The true work of art is but a shadow of the divine perfection.
::: Michelangelo :::

Margaret MacDonald


I am very much into my Modern art and sculpture. Give me anything from around 1890 to 1930 and you will find me in rapture. Abstracts are great but I do like a hint of something recognisable, a whisper of a woman's curve or a shiver of a window frame.
I don't have favourite artists as such but I do like certain schools. As there is so much to say I shall update this page regularly with new finds, and things that generally rock my artistic boat!

N.B. I cannot seem to find symbols in this blogger so there may be accents missing on some French words!

I first discovered Aubrey Beardsley when I started investigating 'Les Petite Journal des Refusee' a ephemeral bibelot written in 1896 but Gilett Burgess, a magazine that was written to mock the content and artwork of the Yellow Book, a British journal associated with the New woman
 I adore his illustrations, especially Wilde's play Salome.
Salome 1896

Frontispiece for 'Venus and Tannhauser' 1895

Salome

The Masque of the Red Death. 1884-5

This of course leads on the the Glasgow school of art, the evidence of Beardsley's influence on artists such as Francis and Margaret MacDonald is fairly evident merely by looking - no real expertise is needed to pick up on the similar compositional grace and elegance, the sweeping lines, the exaggerated hair and features and elogated bodies and limbs - phatasmogorical. They attributed their influence to Austrian Artist Gustav Klimt, another favourite if mine who became prominent in the late 1800s; I  ave this print of his work over my bed and it never fails to delight me. 
Gustav Klimt 'Aqua Mossa' c. 1890

The influence of Klimt is clear but I don't think it is unreasonable that British Artist Beardsley is also influential. Because of his notoriety however, it may not have been sensible to acknowledge his influence on the work of young female artists.
MM 'Princess" 

MM 'Operas of the Wind' (one of several plates.)

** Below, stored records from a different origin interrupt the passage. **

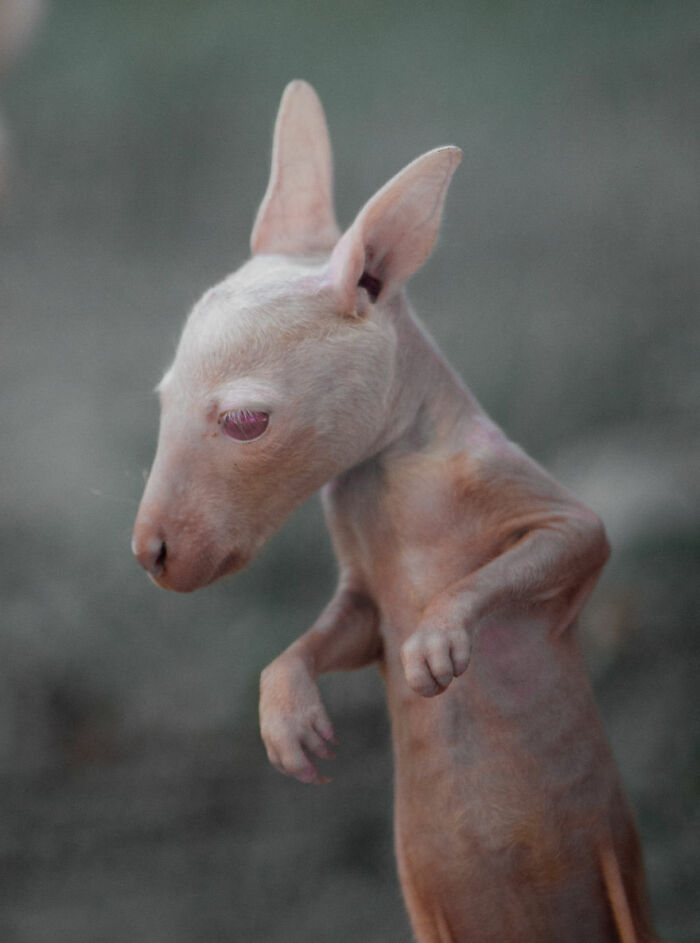 “I Don’t Have Helicopters Or Expensive Expeditions — But I Still Capture Wildlife Moments That Travel The World”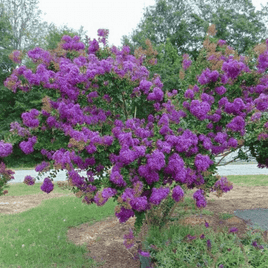 Extremely dark purple flowers on Velmas Royal Delight Crape Myrtle tree.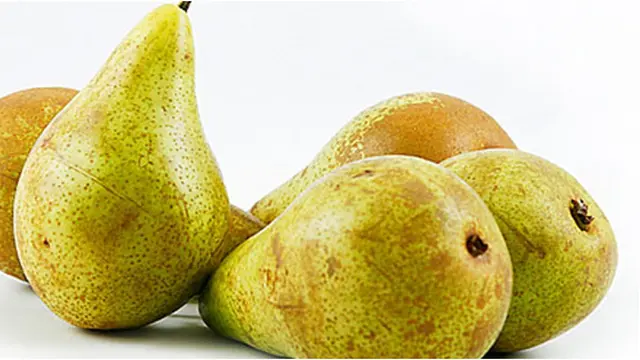 Courtesy uncooking101com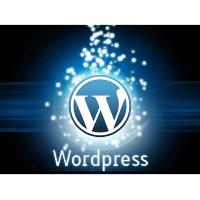 Wordpress Setup image 1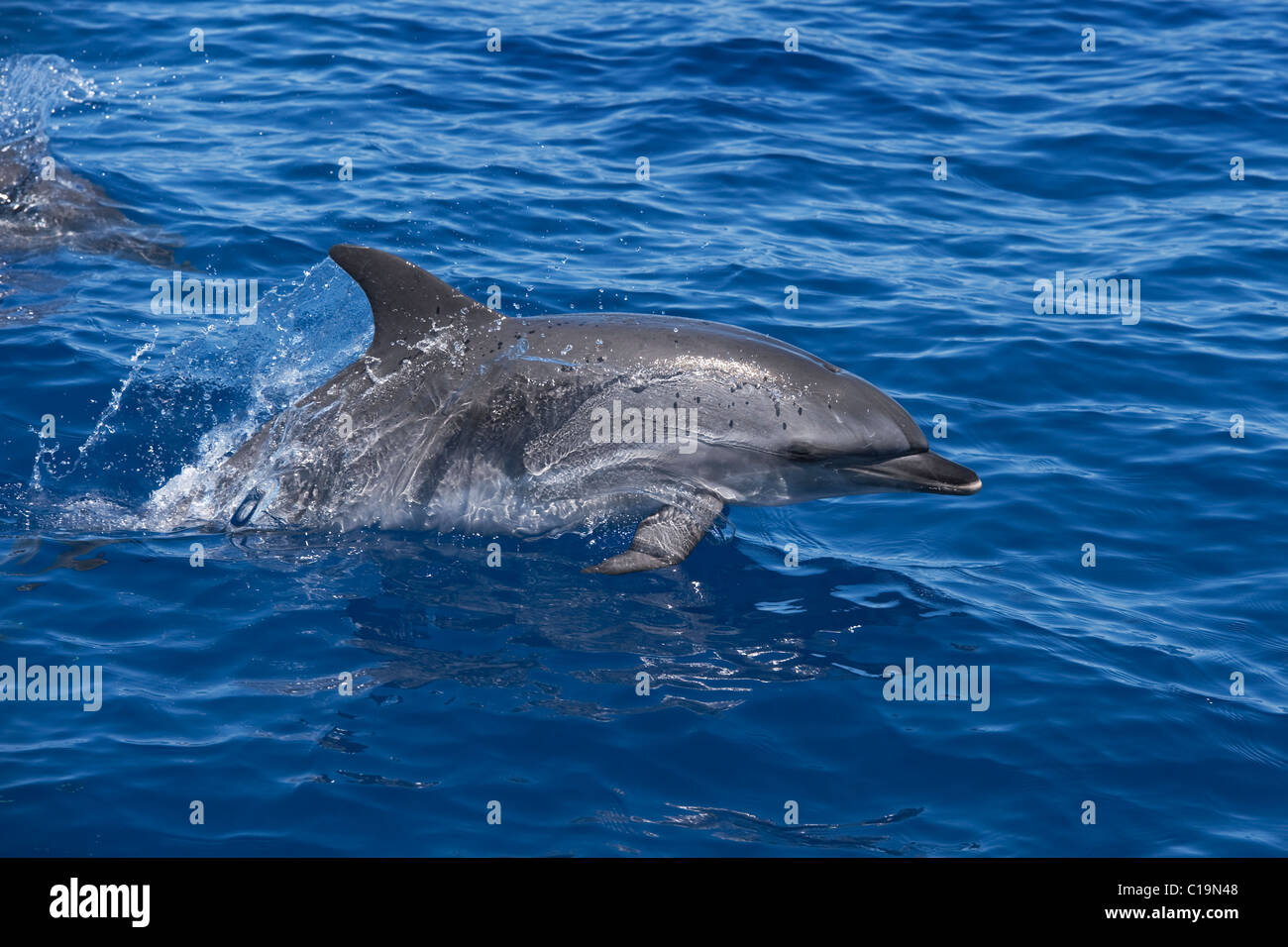 Macchiato atlantico (Delfino Stenella frontalis) porpoising adulti. Azzorre, Oceano Atlantico. Foto Stock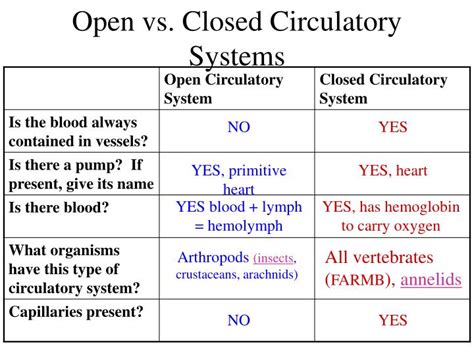 PPT - Transport, Circulation, Immunity PowerPoint Presentation - ID:3555574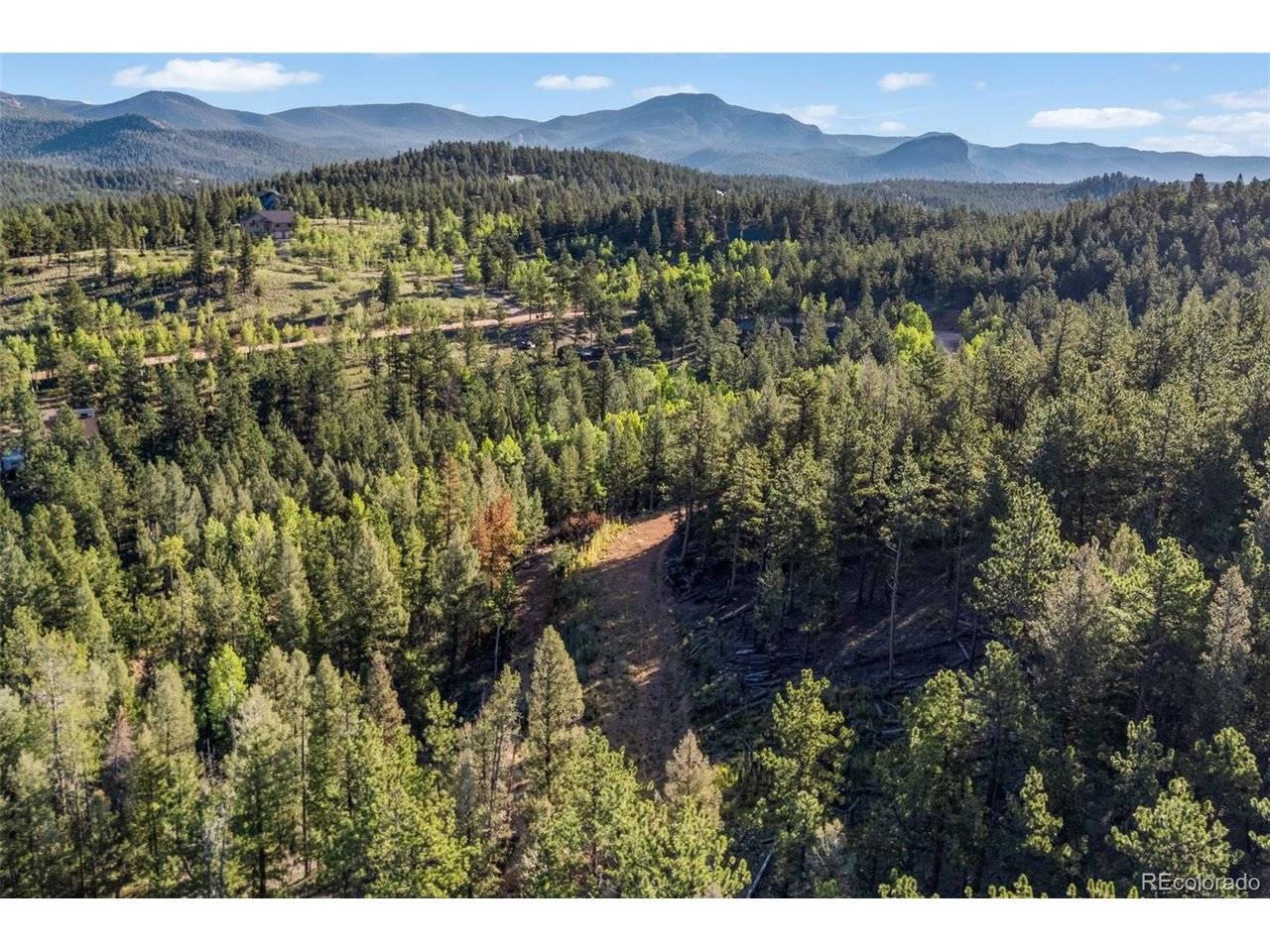 157 Saddle Horn, Bailey, CO 80421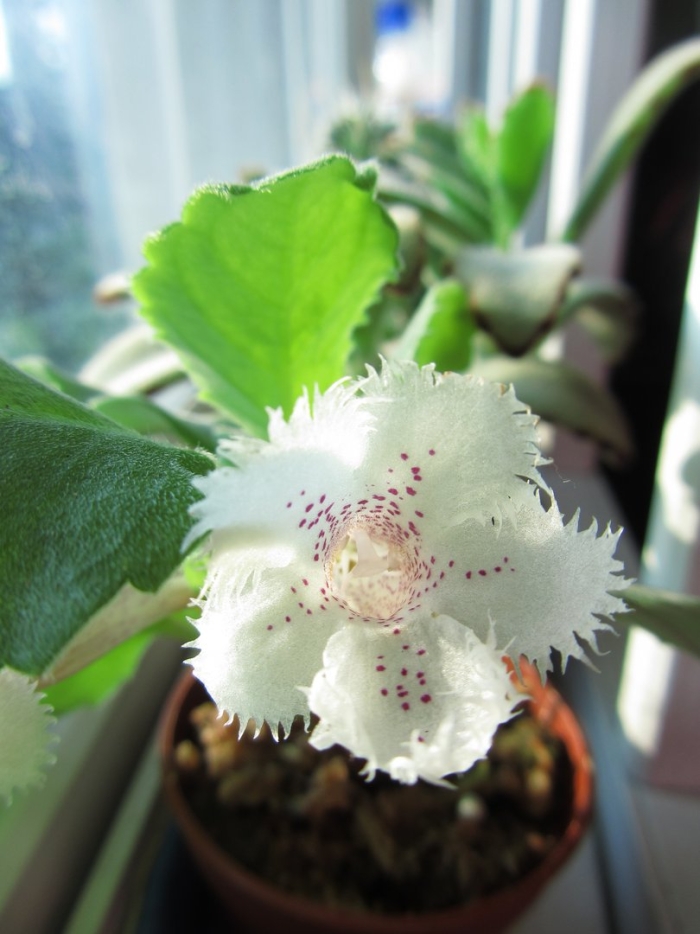 Альсобия chiapas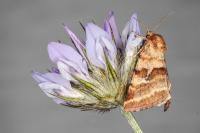 Synthymia fixa
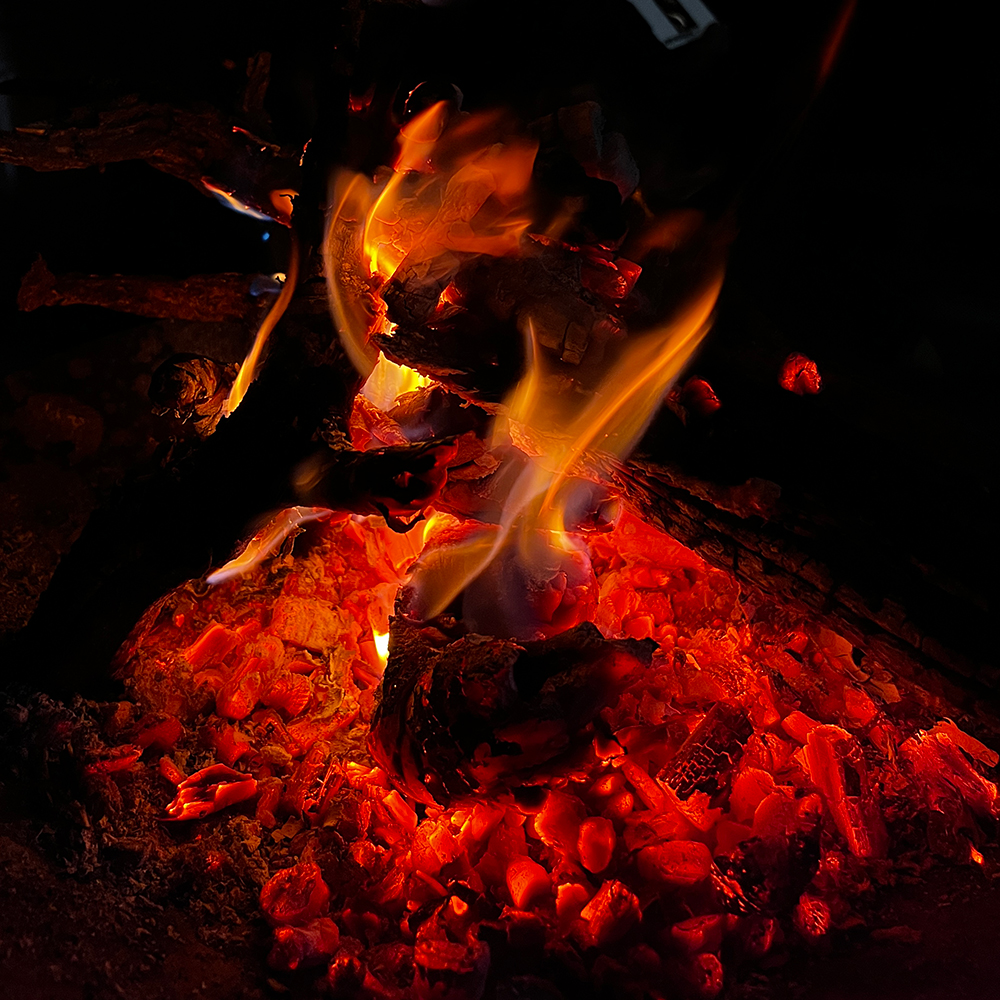 2022/3/21 �ĊJ�ł��I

MM 'The White Rose and The Red Rose' 

MM: 'Opera of the Seas'

FM 'Girl in a Tree' 

FM, 'Spring White' 1912-1915



FM
Tis a long path which wanders to desire
1912-1915

FM 1915 'Sleep'

I love the feel of the fantastic in the work of the MacDonald sisters. It carries you away in to a dreamscape.

Later in the century this fantasy is challenged by the hard masculine lines of futurism and my personal favourites the Vorticists. Wyndham Lewis, head honcho, dark, bold, strong and sometimes menacing - an antithesis of what has gone before but none the less appreciable in my eyes. 

Not sure about this one but you can just make out the steamer ship.

The Vorticists at the restaurant Tour De La Eiffel in London, Spring 1915. Notice how the women jessica Dissmor and Helen Sanders are out-with the group and looking on, the men taking centre stage.

Rebecca West c. 1931 by Wyndham Lewis.